Technology advances relentlessly, yet substandard games still go on sale.

Let’s face it: we all make compromises, practically every day of our lives. But should we accept compromises in the videogames we play? Especially since we’re now lucky if we don’t have to pay more than £40 for them?
 
Recently, compromise has been uppermost in the minds of gamers. Gearbox Software CEO Randy Pitchford, in a fit of honesty, contended that “every game ships with compromises”, while the PC version of Batman: Arkham Knight – a game rightly lavished with praise on the consoles – proved so buggy that it was removed from sale. And that came after the £170 Batmobile Edition of the game was pulled before it even went on sale due, developer Rocksteady said, to “Unforeseen circumstances that greatly compromised the quality” of the transformable Batmobile statue.
Arkham Knight
That word again — and, even for those with the shortest memories, there are plenty of examples of games that were way more compromised than Batman: Arkham Knight. Assassin’s Creed fans are still getting over the buggy state of the most recent iteration, Assassin’s Creed Unity, which suffered from more or less daily patches when it launched. It took Sony’s DriveClub the best part of six months to get to grips with the server issues which rendered it more or less unplayable online – and it’s a predominantly online game. Even the mighty Halo: The Master Chief Collection launched with its online matching broken – and the one thing you expect Microsoft to get right is the server side.
 
Are games becoming more compromised? If so, why? Is the situation likely to improve, and if it doesn’t, where should we draw the line?
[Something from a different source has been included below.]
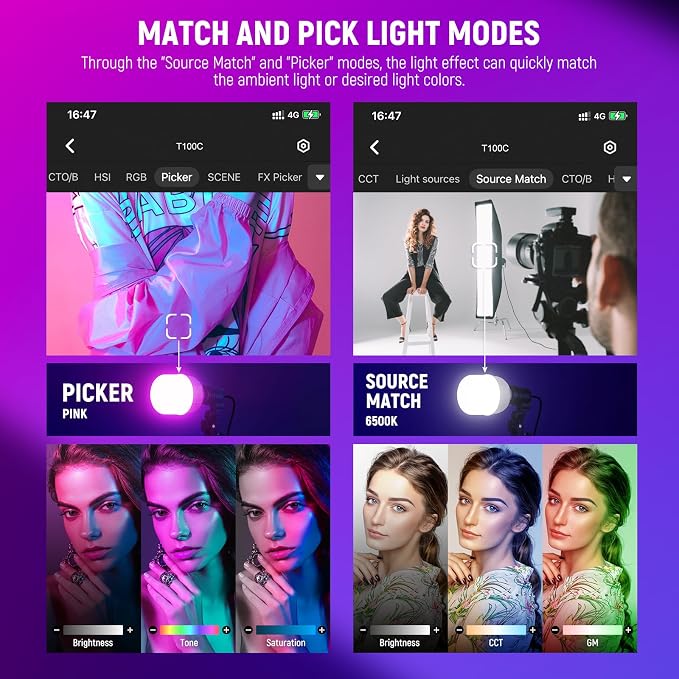 NEEWER 2 Pack 520W Equivalent RGB Softbox Lighting Kit with App Control & 9 Effects, 26W LED Bulbs CRI93+ TLCI98+, E26 Porcelain Sockets, 24" Softboxes for Studio Photography Lighting, NK800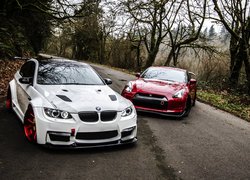 Białe BMW M3 E92 i czerwony Nissan GTR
See also: Halo 5 Guardians tips and tricks

Halo: The Master Chief Collection

Why compromise?

Jon Hare, nowadays senior game consultant at Tower Studios but, as one of the founders of Sensible Software of Sensible Soccer and Cannon Fodder fame, a man who has been making videogames since the 1980s, says: “I think games are definitely much more compromised now, and there are quite a few reasons why.”
 
Bad – but not unexpected – news. However, Hare’s explanations of why that troubled state of affairs has come about are not as straightforward as you might expect.

Take the most obvious one, which any developer or publisher would no doubt wheel out to explain the bugginess of its latest opus: games are so much more complex these days, and more complexity is bound to breed more bugs. Hare disputes that, pointing out that, thanks to the likes of cross-platform games development engine Unity, “We’ve never had so much good middleware, ever.”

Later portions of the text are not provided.